お取り組みの背景と概要

JR東日本様による長野県・北信濃エリア観光型MaaS(※)「旅する北信濃~牛(スマホ)にひかれて善光寺御開帳~」にて、2022年春から夏にかけて、観光用ARコンテンツを実施しました。対象エリアの駅周辺や街中では、観光スポットや対象店舗の情報がスマートフォンにARとして表示されます。
※Mobility as a Service=移動の利便性を上げるサービス

長野駅の自由通路から、善光寺方面のバス停までの案内もARで表示。快適かつスムーズな旅行を、多くの方に楽しんでいただきました。

また、屋内外を問わず高速で正確に位置情報を特定できるソニーのVPS技術を活用することにより、長野駅周辺の位置や建物の情報を正確に認識、場所や建物の形状に合わせて、圧倒的な精度と表現力でのARコンテンツを出現させ、お楽しみいただきました。

導入企業様へのインタビュー

石原様樋口様画像

今回「XR CHANNEL」を導入されたJR東日本 イノベーション本部の石原様、当時、JR東日本 長野支社のご担当で、現在は、ジェイアール東日本企画の樋口様にお話しを伺いました。

【導入のきっかけ】

JR東日本では、お客さまが改札内を移動される際に目的地まで円滑に移動できるよう支援、補助することを目的に統一規格の案内サインを導入、整備、改良を日々進めております。

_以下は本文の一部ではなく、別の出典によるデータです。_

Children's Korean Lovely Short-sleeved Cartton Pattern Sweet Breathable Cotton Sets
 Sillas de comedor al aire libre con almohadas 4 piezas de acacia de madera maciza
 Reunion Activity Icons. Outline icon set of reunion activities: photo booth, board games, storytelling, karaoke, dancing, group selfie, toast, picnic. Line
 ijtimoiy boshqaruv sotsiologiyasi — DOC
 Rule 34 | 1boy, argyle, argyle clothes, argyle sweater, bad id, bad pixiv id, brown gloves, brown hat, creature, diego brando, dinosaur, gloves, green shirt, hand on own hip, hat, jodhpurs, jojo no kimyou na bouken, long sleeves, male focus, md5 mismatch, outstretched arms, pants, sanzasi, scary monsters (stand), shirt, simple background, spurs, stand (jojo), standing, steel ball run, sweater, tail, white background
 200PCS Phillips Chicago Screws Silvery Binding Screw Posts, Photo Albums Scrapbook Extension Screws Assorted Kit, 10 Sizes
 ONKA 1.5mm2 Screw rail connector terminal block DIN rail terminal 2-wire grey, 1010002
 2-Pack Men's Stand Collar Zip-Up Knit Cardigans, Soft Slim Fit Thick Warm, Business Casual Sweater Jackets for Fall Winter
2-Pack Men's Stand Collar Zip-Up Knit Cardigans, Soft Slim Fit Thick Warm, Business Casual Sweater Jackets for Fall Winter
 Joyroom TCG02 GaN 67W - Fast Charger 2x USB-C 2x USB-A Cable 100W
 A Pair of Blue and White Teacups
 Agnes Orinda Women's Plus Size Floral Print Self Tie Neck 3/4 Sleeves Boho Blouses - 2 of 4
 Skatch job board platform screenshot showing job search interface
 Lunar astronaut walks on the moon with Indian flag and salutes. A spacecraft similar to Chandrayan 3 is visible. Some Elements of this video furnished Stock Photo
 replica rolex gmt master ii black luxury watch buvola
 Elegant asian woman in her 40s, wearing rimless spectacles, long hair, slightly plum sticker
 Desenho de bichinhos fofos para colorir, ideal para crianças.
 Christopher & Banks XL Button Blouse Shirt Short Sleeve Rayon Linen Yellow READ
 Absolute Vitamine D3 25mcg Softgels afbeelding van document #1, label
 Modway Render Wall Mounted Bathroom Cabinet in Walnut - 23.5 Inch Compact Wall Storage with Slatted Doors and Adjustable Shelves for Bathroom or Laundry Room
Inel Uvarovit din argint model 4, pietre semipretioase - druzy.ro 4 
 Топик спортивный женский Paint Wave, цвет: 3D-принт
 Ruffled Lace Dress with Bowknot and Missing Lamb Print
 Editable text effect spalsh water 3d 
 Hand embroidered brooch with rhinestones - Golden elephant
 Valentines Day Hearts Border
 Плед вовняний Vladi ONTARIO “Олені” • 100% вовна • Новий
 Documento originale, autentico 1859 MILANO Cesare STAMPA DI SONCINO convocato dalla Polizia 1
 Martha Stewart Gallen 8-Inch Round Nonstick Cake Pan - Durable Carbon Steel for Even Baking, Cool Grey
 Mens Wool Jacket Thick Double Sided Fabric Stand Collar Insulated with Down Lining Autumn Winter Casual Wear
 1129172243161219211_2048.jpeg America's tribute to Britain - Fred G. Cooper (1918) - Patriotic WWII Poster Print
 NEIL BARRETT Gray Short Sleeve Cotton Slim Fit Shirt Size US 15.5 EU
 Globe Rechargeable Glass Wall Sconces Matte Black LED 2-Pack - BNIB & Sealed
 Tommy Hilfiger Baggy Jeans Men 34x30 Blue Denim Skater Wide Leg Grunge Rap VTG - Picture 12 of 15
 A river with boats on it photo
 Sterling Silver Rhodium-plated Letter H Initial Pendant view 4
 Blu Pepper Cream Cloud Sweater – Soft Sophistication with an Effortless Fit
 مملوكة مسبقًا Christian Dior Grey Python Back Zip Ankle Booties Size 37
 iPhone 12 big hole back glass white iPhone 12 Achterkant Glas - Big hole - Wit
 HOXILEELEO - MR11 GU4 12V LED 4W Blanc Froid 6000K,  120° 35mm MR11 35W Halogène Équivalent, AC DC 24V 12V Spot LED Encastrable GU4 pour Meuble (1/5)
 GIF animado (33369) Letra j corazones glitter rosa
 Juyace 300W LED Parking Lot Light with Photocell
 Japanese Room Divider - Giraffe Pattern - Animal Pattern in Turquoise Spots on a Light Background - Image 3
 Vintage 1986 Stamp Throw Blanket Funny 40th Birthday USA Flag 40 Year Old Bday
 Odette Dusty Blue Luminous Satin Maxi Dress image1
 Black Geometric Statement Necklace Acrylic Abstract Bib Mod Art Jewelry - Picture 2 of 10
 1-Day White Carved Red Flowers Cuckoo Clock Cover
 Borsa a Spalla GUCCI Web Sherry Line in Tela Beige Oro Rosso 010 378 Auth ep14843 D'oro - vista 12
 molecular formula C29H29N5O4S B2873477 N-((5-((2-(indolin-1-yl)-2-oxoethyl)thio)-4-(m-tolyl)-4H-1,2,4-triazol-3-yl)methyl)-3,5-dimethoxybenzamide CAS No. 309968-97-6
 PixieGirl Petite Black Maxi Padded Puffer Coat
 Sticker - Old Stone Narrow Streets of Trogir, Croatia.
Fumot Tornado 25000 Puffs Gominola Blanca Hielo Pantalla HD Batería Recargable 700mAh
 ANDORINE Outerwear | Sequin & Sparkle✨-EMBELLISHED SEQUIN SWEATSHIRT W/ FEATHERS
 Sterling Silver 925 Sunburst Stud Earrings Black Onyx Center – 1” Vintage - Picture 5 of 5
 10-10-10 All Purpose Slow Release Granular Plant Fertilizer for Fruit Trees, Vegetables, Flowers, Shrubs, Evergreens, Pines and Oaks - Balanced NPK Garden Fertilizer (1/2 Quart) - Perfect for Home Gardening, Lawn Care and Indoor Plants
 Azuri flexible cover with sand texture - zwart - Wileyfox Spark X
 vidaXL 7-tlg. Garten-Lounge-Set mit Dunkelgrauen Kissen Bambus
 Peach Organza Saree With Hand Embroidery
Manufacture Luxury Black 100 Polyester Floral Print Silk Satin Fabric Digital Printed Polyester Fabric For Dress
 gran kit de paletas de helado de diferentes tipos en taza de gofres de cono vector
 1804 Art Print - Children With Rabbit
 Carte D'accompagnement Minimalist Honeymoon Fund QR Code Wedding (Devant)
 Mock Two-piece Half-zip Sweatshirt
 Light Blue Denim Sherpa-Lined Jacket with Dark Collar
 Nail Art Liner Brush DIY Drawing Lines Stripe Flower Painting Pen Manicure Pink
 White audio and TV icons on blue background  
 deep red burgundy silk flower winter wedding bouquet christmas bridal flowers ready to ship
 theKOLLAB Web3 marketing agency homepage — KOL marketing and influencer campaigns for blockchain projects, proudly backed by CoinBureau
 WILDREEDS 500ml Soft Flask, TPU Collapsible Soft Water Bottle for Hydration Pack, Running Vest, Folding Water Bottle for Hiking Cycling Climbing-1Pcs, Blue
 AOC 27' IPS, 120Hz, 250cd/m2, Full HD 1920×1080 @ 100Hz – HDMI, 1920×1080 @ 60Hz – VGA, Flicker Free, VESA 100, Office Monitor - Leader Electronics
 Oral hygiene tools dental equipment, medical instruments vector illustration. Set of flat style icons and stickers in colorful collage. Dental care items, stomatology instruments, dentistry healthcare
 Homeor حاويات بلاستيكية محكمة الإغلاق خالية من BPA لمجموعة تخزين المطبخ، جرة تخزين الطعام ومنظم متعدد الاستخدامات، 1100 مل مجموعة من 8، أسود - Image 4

一方で、地方の駅では改札を出た後の案内サインのデザイン等は様々な背後要因によって各駅で統一されていないケースが多く、ユーザー視点で考えた場合、バスやタクシーなど乗り換え先や各種目的地への案内情報の提供に課題を抱えています。

バスやタクシーといった他の交通事業者との連携拡大を検討する際、改札を出た後の二次交通までの接続を今以上に支援する方法について日夜模索を続けています。

【導入の決め手】

イノベーション戦略本部では、2020年11月に東京駅で実施したアートイベント「TOKYO STATION AR ART PROJECT」でSoVeCのXR CHANNELを導入。また2022年1月に原宿駅・明治神宮で実施したイベント「HARAJUKU MEIJIJINGU AR PROJECT」では、見どころスポットを案内するARコンテンツを提供する新しい観光体験の実証実験を実施しました。両取組みとも反響が大きかったため、次世代のデジタルテクノロジーであるXRを用いた新しい観光体験価値向上の取組みを展開していく事を検討しはじめたところでした。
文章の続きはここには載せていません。